The consequences are not simply physical, either. The Save the Children report notes at least 3 in 4 children have experienced death of a close friend or relative, leading to startling psychological consequences, such as extreme withdrawn or aggressive behavior. Furthermore, these children are being forced to endure other atrocities such as sexual violence, torture, and forced recruitment into the armed forces. This is only antagonized by the fact that many of these children have been displaced from their homes, separated from their families, and forced to find refuge in neighboring countries. How can one expect these children to lead a decent, semi-normal life when they are constantly exposed to these horrors?

Many of the countries that are taking in these refugees are struggling with the task. Jordan, a refuge for more than a half million Syrians, has recently been forced to open up a second refugee camp in Mrajeeb al-Fhood as the influx of Syrian refugees into the country continues to grow everyday. This means it might be even more difficult for the refugees, especially children, to get access to basic resources. While Jordan is actually able to provide these refugees with shelter, other countries lack the resources to do so. Currently, there are no UN-funded refugee camps in Lebanon, where some 400,000 Syrian refugees have fled. Adding to their suffering, these refugees must fear for their relatives still living in Syria, as their act of leaving the war-torn country has put them at great risk of execution and torture by the government. Many children, who escaped to the safety of countries such as Egypt or Iraq, will most likely never see their families who are still trapped inside Syria again.

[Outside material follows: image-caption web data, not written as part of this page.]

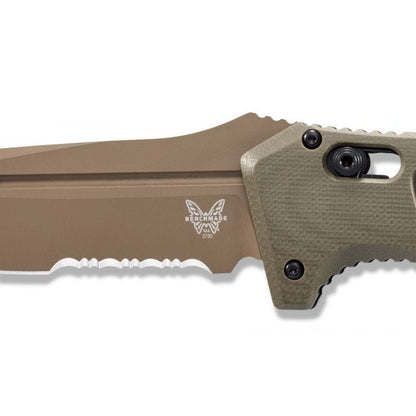 Benchmade, Inc.™ Auto Adamas 2750SFE-2 OD Green G10 CPM-CruWear Steel Pocket Knife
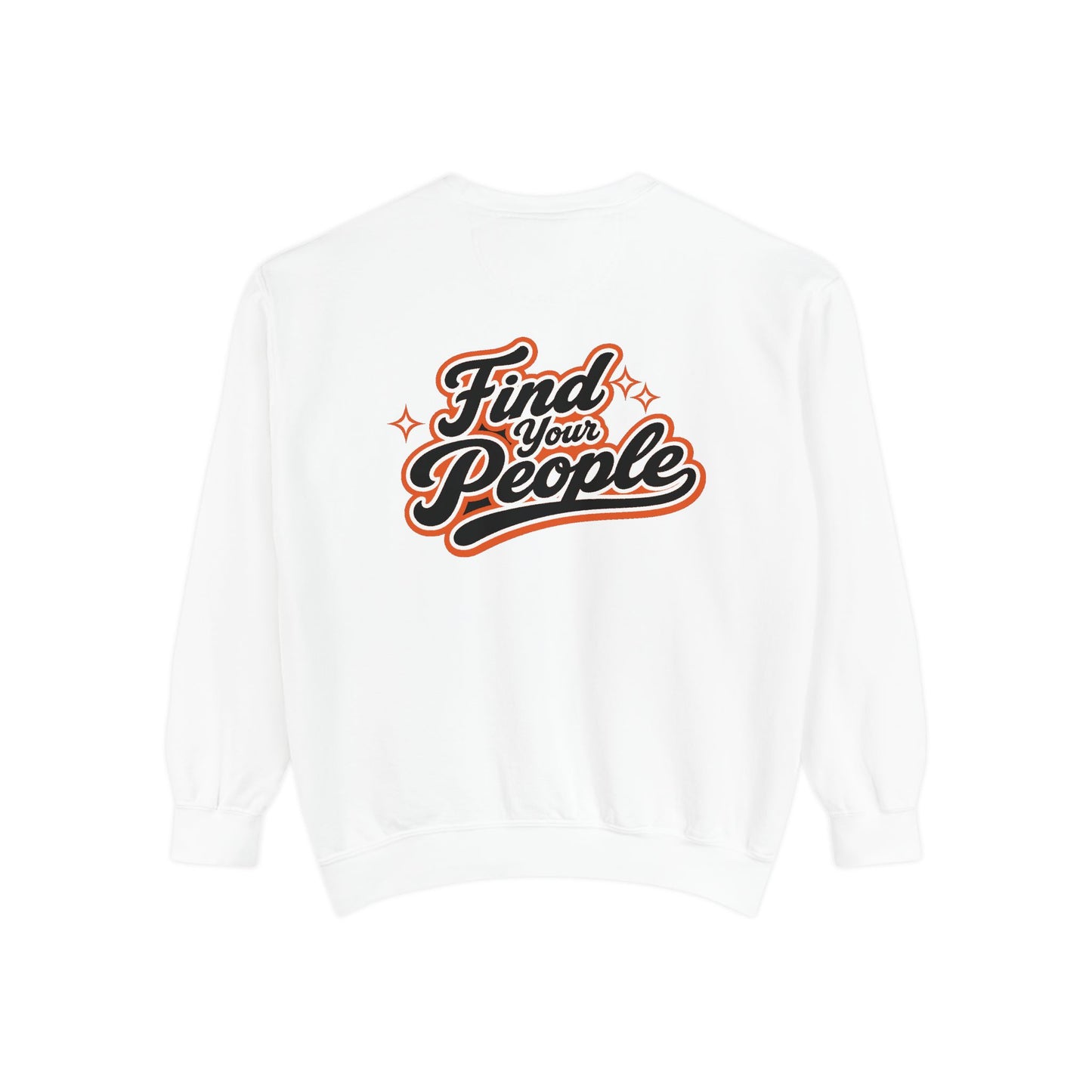 Find Your People Sweatshirt — ORB Trading Cards Retro Graphic Crewneck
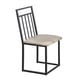thumbnail image 2 of Comedor Naya Alegro 4 Sillas Tubulares MOBILKRAFT Modelo Naya Alegro, Estilo Contemporáneo en Color Negro, 2 of 4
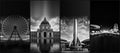 World's Fair Vintage B&W Pack — 4 Lock Screens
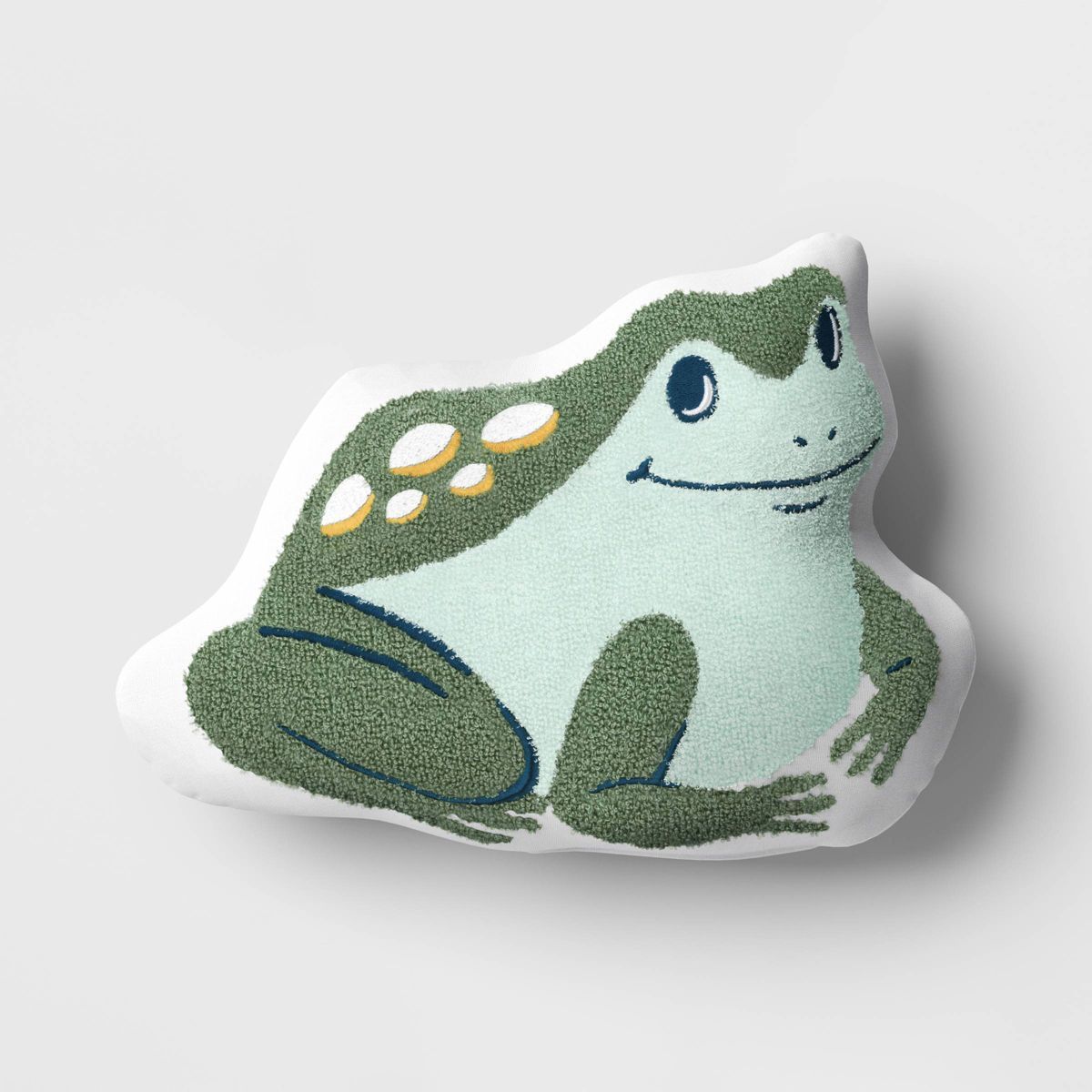 Frog Shaped Embroidered Cotton Throw Pillow Green - Room Essentials™ | Target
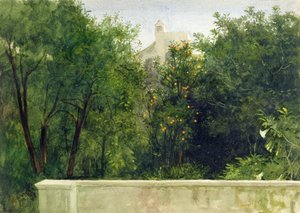 Un jardin italien - Frank Dicksee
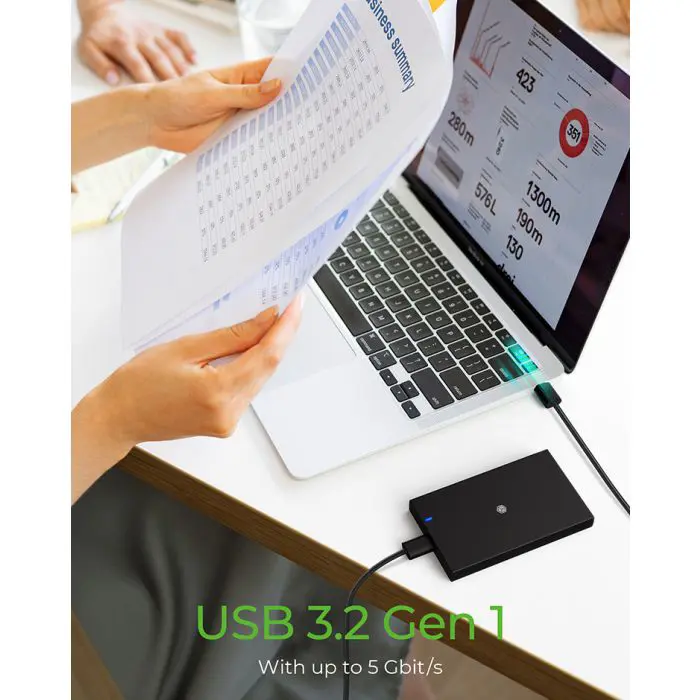 IcyBox IB-200T-C3  USB-C 3.2 ohišje za 2,5" HDD in SSD diske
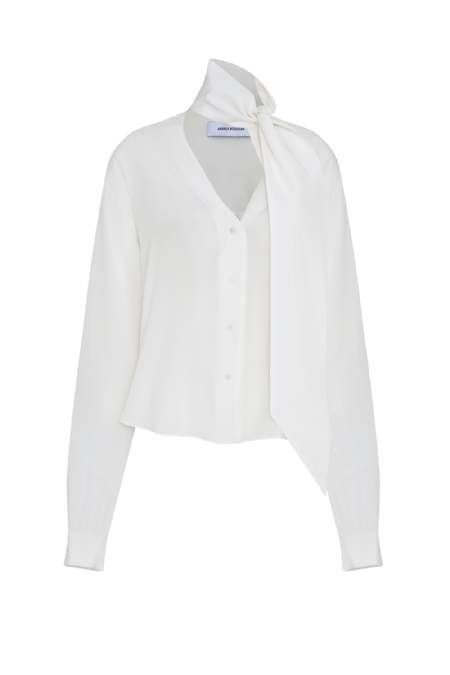 Jacari Silk Shirt Off White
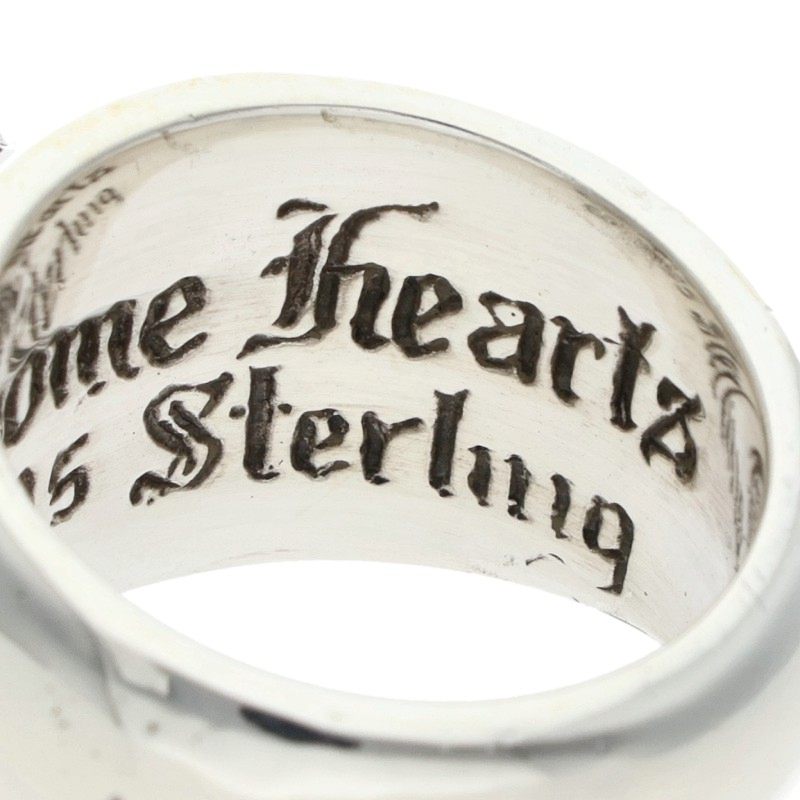 Chrome Hearts HEART IN BAND PAVE Diamonds Size ONE SIZE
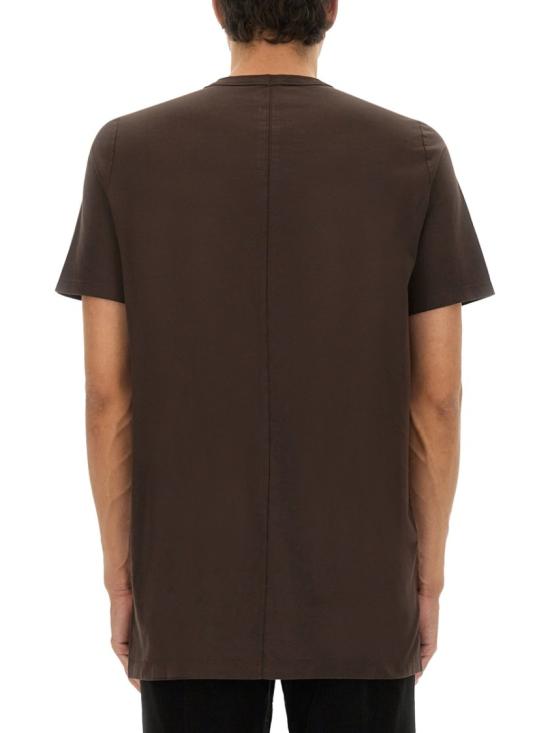 25FW 릭 오웬스 반팔 티셔츠 RU02E1264 JA78 Brown - RICK OWENS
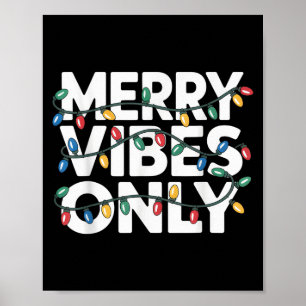 Poster Vibes Joyeuses Seulement Noël Joyful Celebr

Not all hope is lost, however. The sobering realities described above have prompted generous action. Governments of various nations have pledged funds to help child refugees who have been forced into surrounding countries. Recently, the government of Japan contributed $1.5 million to the United Nation Children’s Fund (UNICEF) to help the child refugees in Iraq. This money will go to basic sanitation, healthcare and education services. Also, the Mrajeeb al-Fhood refugee camp mentioned above is funded by the United Arab Emirates. Furthermore, the UN itself has taken extraordinary measures to ensure that the Syrian child refugees receive basic amenities. The World Food Programme (WFP), a project recently launched by the UN, provides refugee children with meals that support good nutrition and health. Along with the meals, the WFP has also set up programs to encourage children to continue their education, though they are displaced and have suffered much hardship.

The aid currently being provided is a promising start to providing hope for these children. However, not enough is being done. While many countries are making valiant efforts to help these children, UNICEF warns that those currently trapped in Syria are in danger of becoming a “lost generation,” as there is a severe lack of funding. Key agencies and life-saving aid may have to be halted, leaving those children in and around Syria without any help. UNICEF notes that it might not be able to provide Syrian children and their families with clean drinking water in the near future. The conflict seems so far away in our minds; however, we must remember those who have lost their futures because of this senseless violence.

If you would like to donate to the cause of these children, please visit this link: http://www.unicef.org.uk/landing-pages/donate-syria/.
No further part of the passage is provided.